◆ **Task requirements**: Look below for the line holding "A sea urchin" and the line holding "The photograph attached". Transcribe exactly those lines and all lines between them, nothing more.

── Supplied material ──

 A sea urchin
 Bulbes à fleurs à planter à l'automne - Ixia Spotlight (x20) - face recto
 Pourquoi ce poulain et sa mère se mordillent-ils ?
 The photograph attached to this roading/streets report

───
── Supplied material ──

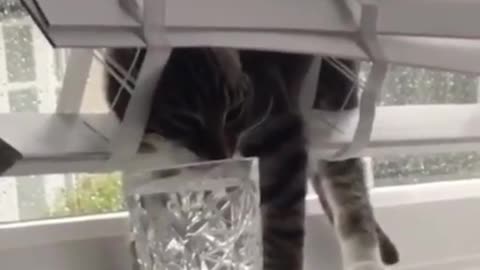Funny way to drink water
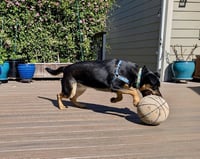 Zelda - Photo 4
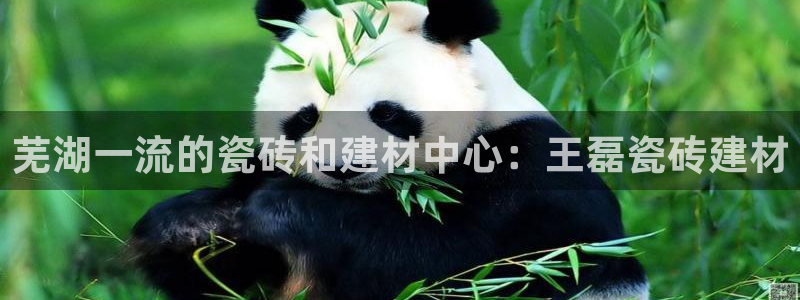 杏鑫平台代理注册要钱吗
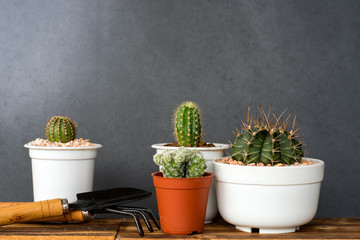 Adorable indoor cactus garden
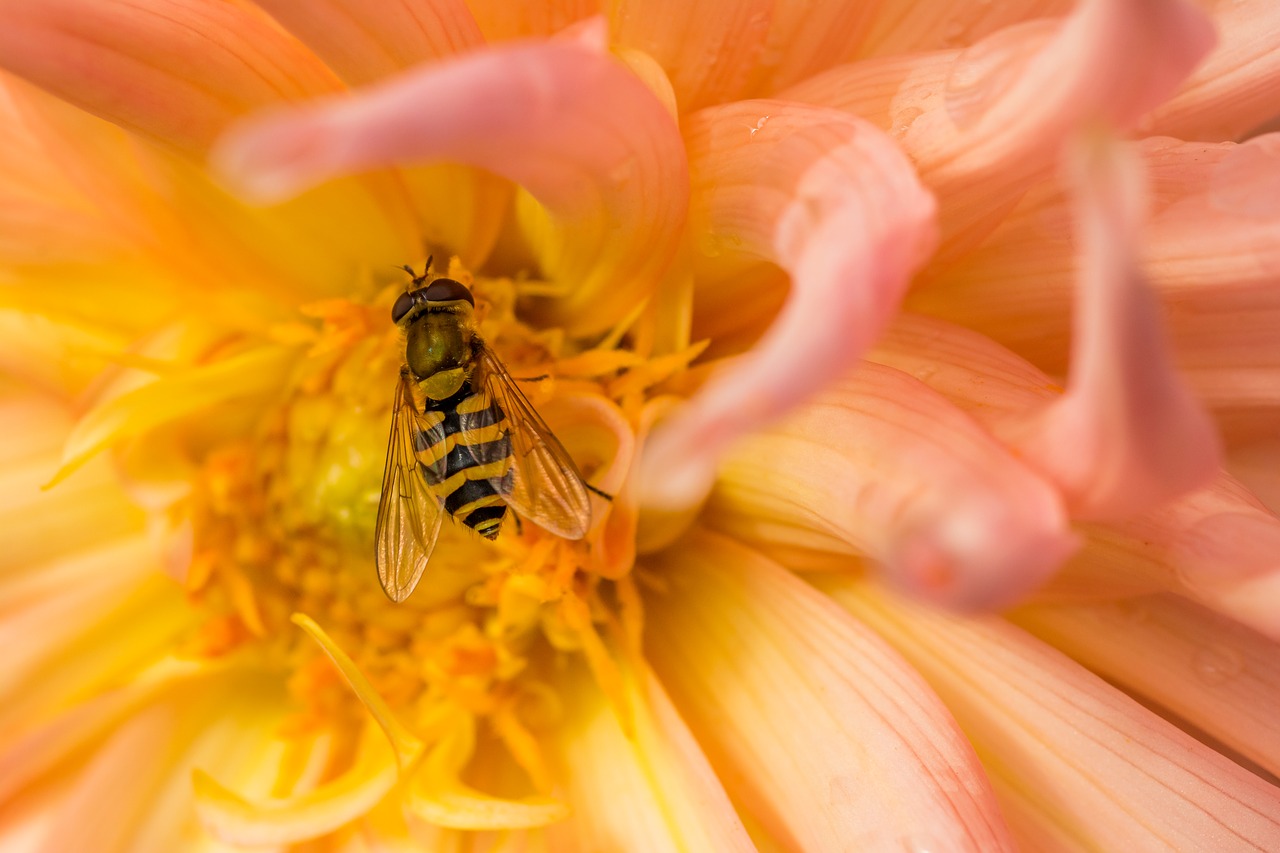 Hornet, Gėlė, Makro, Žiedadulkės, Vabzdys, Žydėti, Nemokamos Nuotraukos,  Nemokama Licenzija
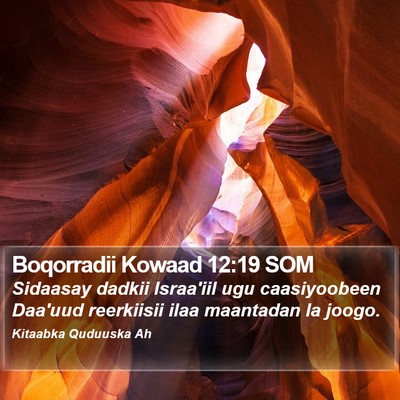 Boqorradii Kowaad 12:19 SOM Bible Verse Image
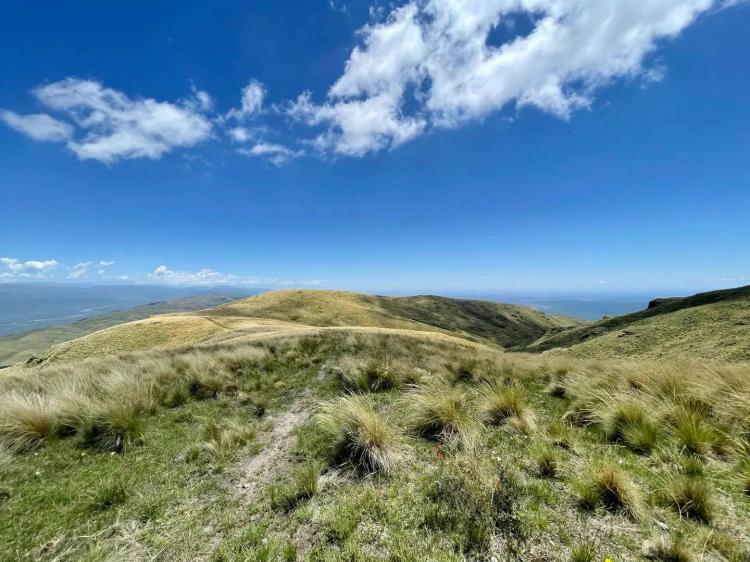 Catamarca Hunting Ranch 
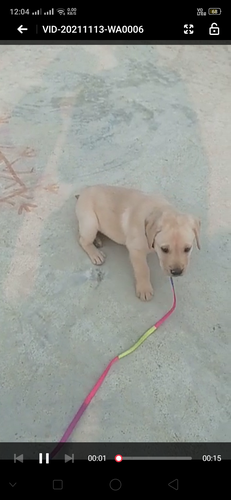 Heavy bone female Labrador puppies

───
── Supplied material ──

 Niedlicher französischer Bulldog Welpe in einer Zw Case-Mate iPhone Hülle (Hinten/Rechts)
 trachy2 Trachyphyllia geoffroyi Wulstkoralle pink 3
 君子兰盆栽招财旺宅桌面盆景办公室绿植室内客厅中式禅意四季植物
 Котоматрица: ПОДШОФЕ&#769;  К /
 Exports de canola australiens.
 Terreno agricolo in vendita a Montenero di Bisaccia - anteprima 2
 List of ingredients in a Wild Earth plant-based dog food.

───

◆ **Answer box**:
 A sea urchin
 Bulbes à fleurs à planter à l'automne - Ixia Spotlight (x20) - face recto
 Pourquoi ce poulain et sa mère se mordillent-ils ?
 The photograph attached to this roading/streets report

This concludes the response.